Not generating the IDs sequentially also means we don't have to worry about enumeration attacks. Even if an attacker can get into our system, they would have to guess the UUID of each record which will also be near impossible.
Let's take a look at how UUIDs are generated and how it's evolved over the years.
In order to keep track of different UUID versions over the years, a standard was maintained that the 13th character (the first digit of the 3rd group) of the UUID would be a number representing the version. 4 bits are reserved for this. There are also an extra 2 bits reserved for the variant.
V1 UUIDs were introducted in late 1980s and were not actually random! They were generated by combining the system's current time with a "node identifier" i.e. something that identifies the specific device/server the ID was generated on. This was usually just the MAC address.
V2 came in the 1990s and was very similar to V1 with minor technical changes, we won't discuss it here.

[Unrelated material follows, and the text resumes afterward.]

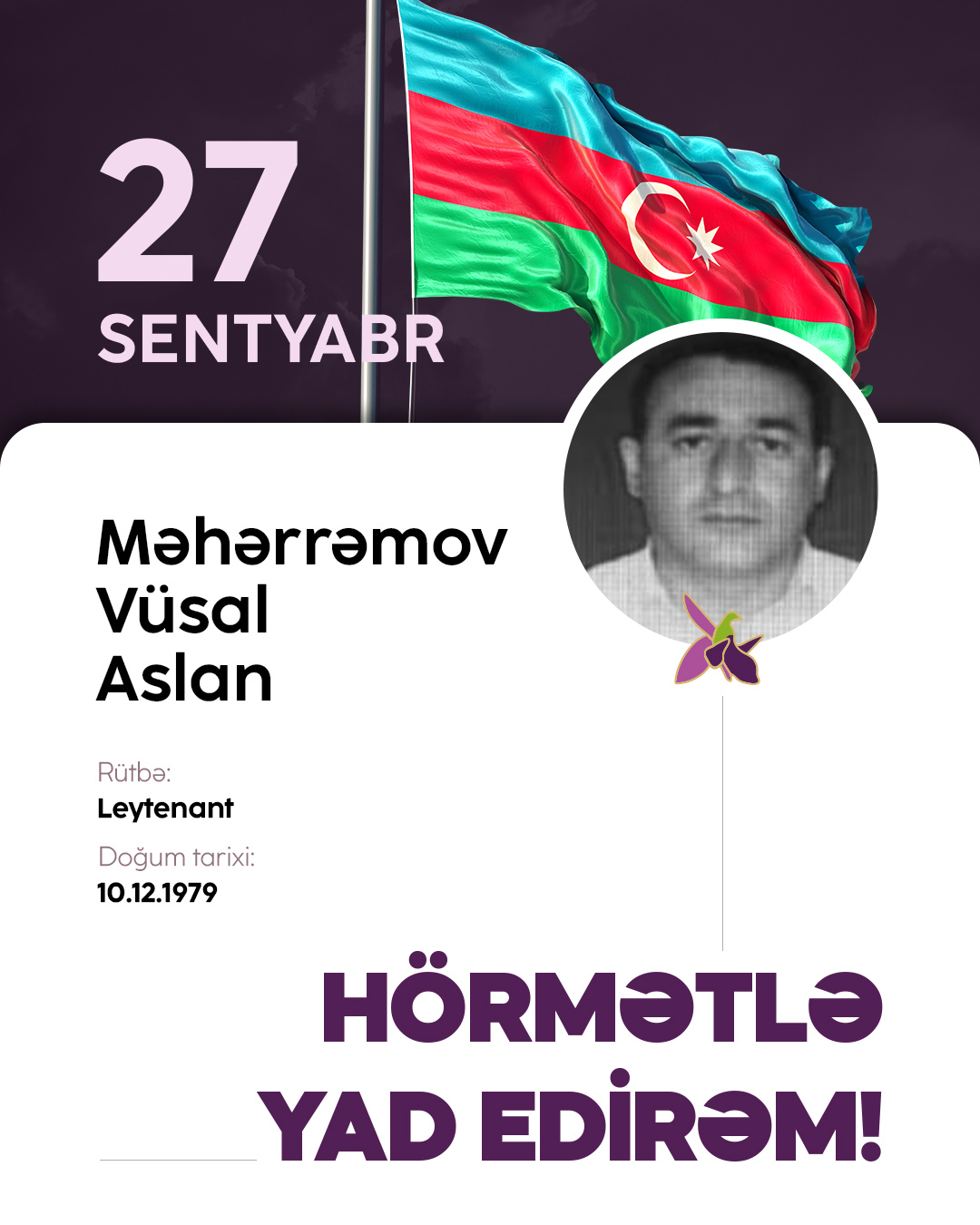 Məhərrəmov Vüsal Aslan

V3 came in the late 1990s and were deterministic based on 2 parameters. The namespace and the name. The namespace is a UUID itself and the name is just a string. The V3 UUID is generated by taking the MD5 hash of the combined namespace and name.

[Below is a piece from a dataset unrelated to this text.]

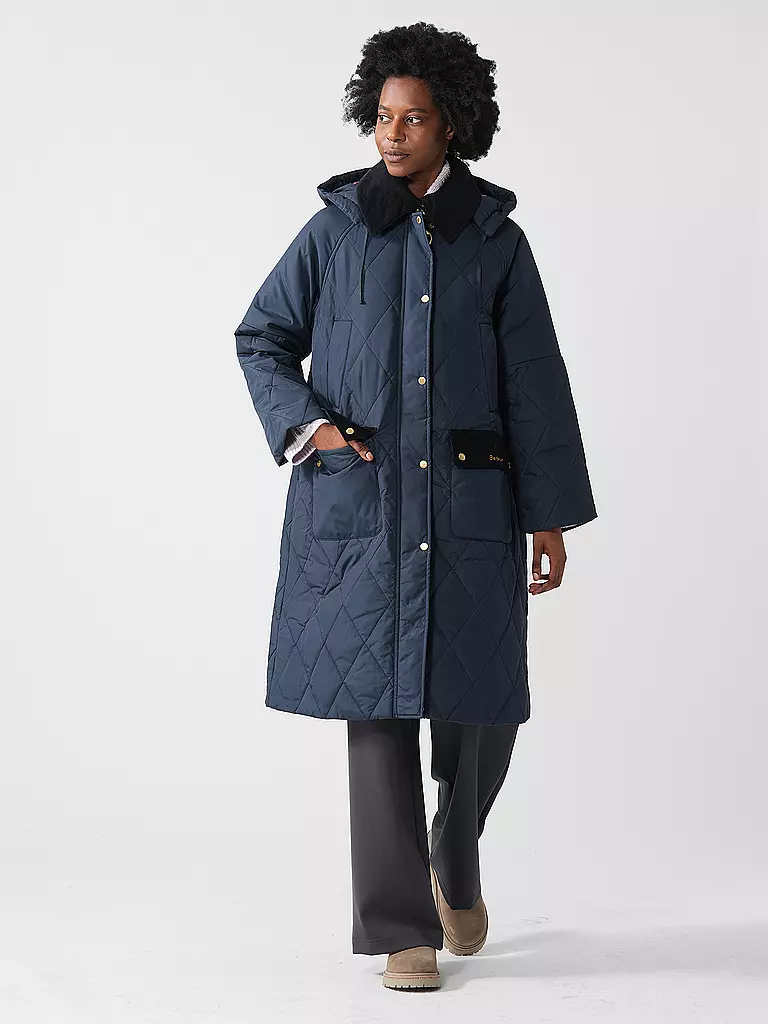 BARBOUR | Steppjacke COOKSTON | dunkelblau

V4 came in the early 2000s and is arguably the most popular way to generate UUIDs. They are just generated randomly! All 122 bits (the total 128 bits without the version and variant bits) are generated randomly.
V5 is also from the early 2000s and is the most recently introduced. It was simply an iteration of V3 to use the SHA-1 hash instead of MD5.
Version 1 and 2 UUIDs allowed easy guarantees of uniqueness when using multiple machines. It also meant that the UUIDs themselves could be traced back not only to the time they were generated but also the machine they were generated on. This was useful for debugging purposes, but in many scenarios presents some security concerns.
Version 3 and 5 UUIDs take the approach of determinism, meaning you can do easy collision detection for records you don't want duplicated such as user emails.
Version 4 are the simplest to generate and are the most popular. Simply generating randomly means collisions are extremely unlikely. The birthday paradox tells us that you'd have to generate around 2 sextillion (2,000,000,000,000,000,000,000) random UUIDs before you could expect a collision!
In Crudly, we use V4 UUIDs for all our unique identifiers. Every entity in a table will automatically get a random UUID generated that can be used to identify it. This means you can easily scale your system without worrying about collisions.
There are many ways to uniquely identify records in your database. V4 UUIDs are arguably the easiest and best scaling. By using Crudly to manage your data, you'll have an easy-to-use and scalable way to identify your entities, ensuring both security and efficiency in your application's backend.